Haven't used that bathroom since. I doubt it's still there though. Probably left to eat a cat.

Anyway, when I saw Hairus cockroachus, it was 2:00 in the morning. I was in my boxers. The cockroach was on the wall right by me bed. As I surveyed my options (shoe? phone book? 911?) I was overcome with an innate, perhaps primal desire that superseded my anxious weapon inventory. This desire was not a bloodthirsty rage, nor desire to run. It was an unquenchable need to, as quickly as possible, put on a pair of pants.

I forget my exact thoughts, but it was something akin to: “I'm about to enter battle. I need pants.”
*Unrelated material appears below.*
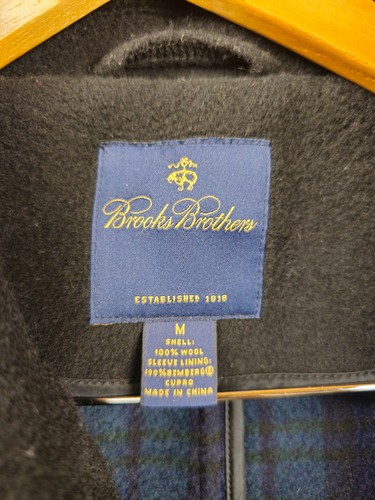 Brooks Brothers Duffle Coat Parka Men Medium Black Wool Blend Horn Toggle Button - Picture 5 of 11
Is this what the Spartan warrior tradition has diluted to? “Eek, a big! Cover ye crotches!” It's not a flight response, but it's not a fight response either. It's fright.

Most people and animals freeze for a moment when confronted by danger, then move on to fight or flight. I'm stuck at fright. Cockroaches might be too. That night, the cockroach and I stared at each other for a good 10 minutes. I spent 5 of those minutes inching over to the closet for a shoe, and another 5 minutes hovered a few feet away from the cockroach, shoe raised in the air, as I tried to muster my courage to kill it. I know that sounds silly, but that's part of the reason it's called a phobia.
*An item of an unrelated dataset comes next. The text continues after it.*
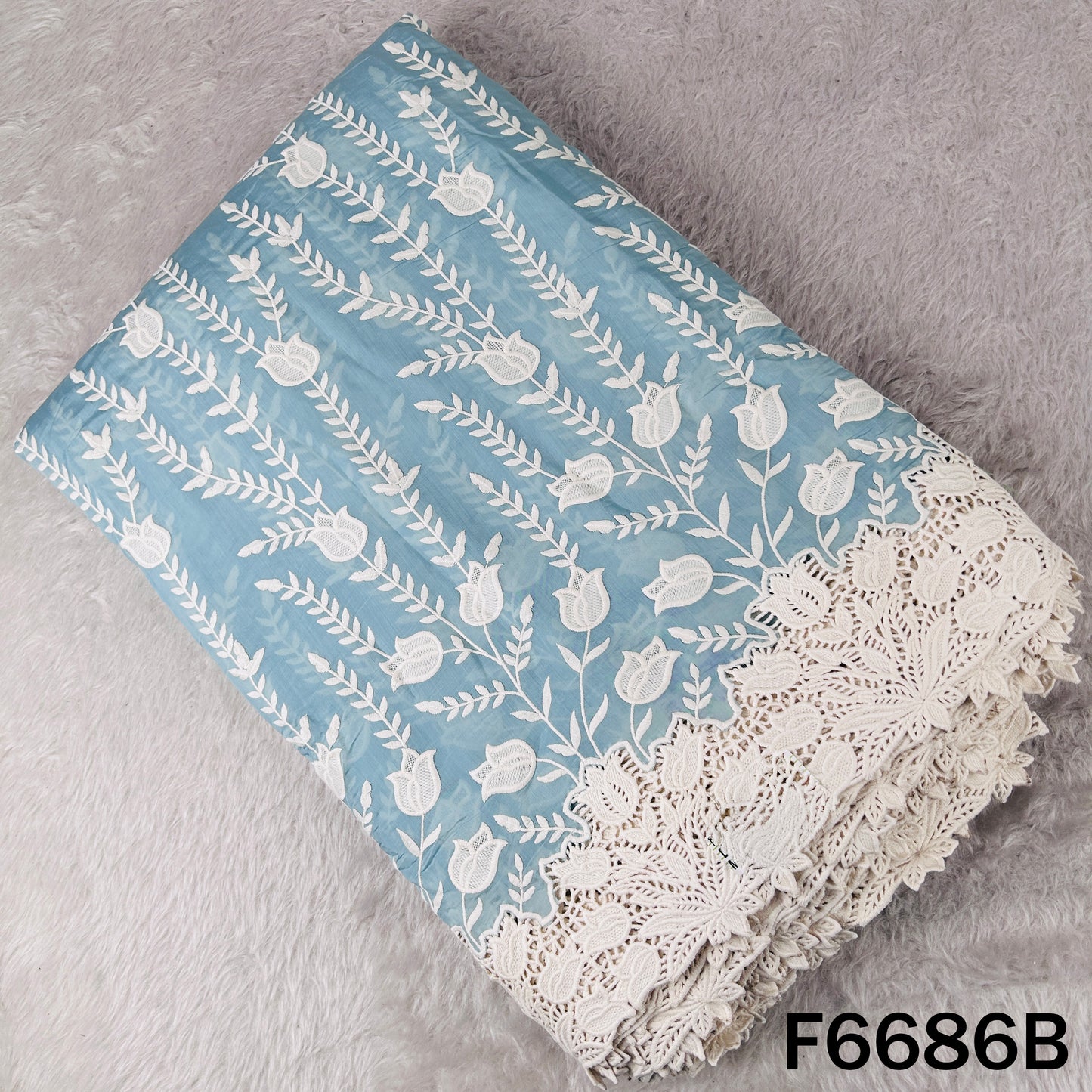 Thread Embroidered Lace Work Muslin Silk Fabric - F6686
The rest of the night was a tragicomedy. When I finally moved to whack it, I missed. It fell to the floor, hidden from sight. I waited ½ an hour, and just as I felt relaxed enough to go to bed, it crawled back up in an uneasy zig zag, part of its body missing. Whack, miss, fall, wait ½ an hour, crawled back up, in worse shape than before.

The third time, I didn't try to kill it. I felt an odd admiration for its preserverence. Its doggedness. The Little Cockroach That Could. I just hoped it would crawl away from my bed and out of sight, preferably behind a window blind.

It was too wounded though, and fell back down on its own accord. I never saw it again. The next day, I was groggy from a lack of sleep and depressed from whatever chemicals my body excreted the night before. It made me think I needed one of two things. Anti-anxiety drugs. Or a clown for a roommate with an extra pair of shoes.

2 comments:

Anonymous said...

I will place a cockroach detector at the entrance of the house and will have one of the friendly airport security guard to check you before entering my house. We do not want mam’s home be invaded by alroacha.

Get your landlord to exterminate the house.

Meghan said...

as your roommate, I feel really sickened. I am at home right now, most likely surrounded by those disgusting effers.

On the bright side, I just bought some pheromone traps. No need for chemicals dude!